I was having problems with binaries I was downloading with a particular application the other day. As part of the debugging process at one point, I was taking packet captures with Wireshark inside the client LAN, at the client router’s WAN, and tcpdump from the server. I was then reassembling the file from the stream in each packet capture and comparing them to see where the corruption was occurring relative to the copy that resided on the server.
To accomplish this, I was going to the HTTP GET message packet in Wireshark. Then I would right-click on the packet and select Follow Stream. Next I would select only the direction of traffic from the server to the client (since this was a download). Then I would make sure RAW was selected and save the file. Finally I would open the file up in a hex editor, remove the HTTP header that winds up prepended to the file, and save it. Annnnd then the file was corrupted.
Doing a binary diff of a valid copy of the file with the reconstructed file using 010 Editor I could see that the only differences were several small sections of the file with values like these spaced throughout the file:
Hex: 0D 0A 31 30 30 30 0D 0A
and one of these at the end of the file:
Hex: 0D 0A 00 00 0D 0A
I confirmed that each of the packet captures at the various points along the way all had the same result. Where the heck was this random data getting injected into my stream and better still, why?!
The first clue that it wasn’t truly random data was the \r\n values. Carriage Return – Line Feed (CRLF) is a staple demarcation value in the HTTP protocol. My second clue was that the values were typically 1000 and 0. Although respresented with ASCII codes in the file, if you interpret them as hex they are 4096 and 0. When doing buffered I/O a 4K buffer is very common as is getting a 0 back from a read function when you reach EOF.

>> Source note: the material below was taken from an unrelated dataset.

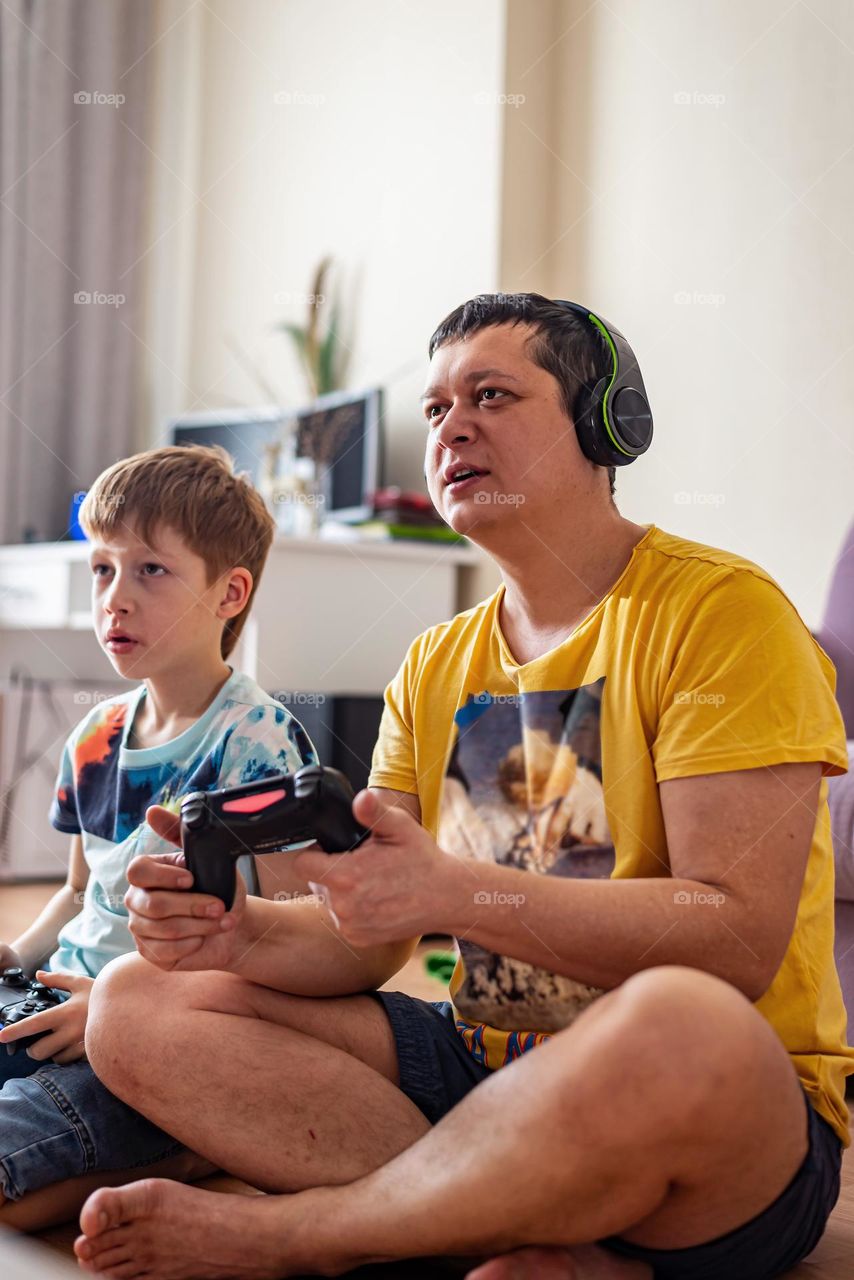 Boy and dad playing video game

As it turns out, the particular behavior I was seeing was a feature of the HTTP/1.1 Protocol called Chunked Transfer Encoding. The wikipedia article does a great job explaining it, but basically it allows for content to be sent prior to knowing the exact size of that content. It does this by prepending the size to the each chunk:
The size of each chunk is sent right before the chunk itself so that a client can tell when it has finished receiving data for that chunk. The data transfer is terminated by a final chunk of length zero.
Ah-ha! So my naïve manual file reconstruction from the Wireshark packet capture of the HTTP download was flawed. Or was it? I checked the file on disk and sure enough it too had these extra data values present.
Once again, Wikipedia to the rescue (emphasis mine):
For version 1.1 of the HTTP protocol, the chunked transfer mechanism is considered to be always acceptable, even if not listed in the TE request header field, and when used with other transfer mechanisms, should always be applied last to the transferred data and never more than one time
The server was utilizing chunked transfer encoding but the application I was using wasn’t fully HTTP/1.1 compliant and was thus doing a naïve reconstruction just like me! So, if you find yourself doing file reconstruction from packet captures of HTTP downloads, make sure you take chunked transfer encoding into account.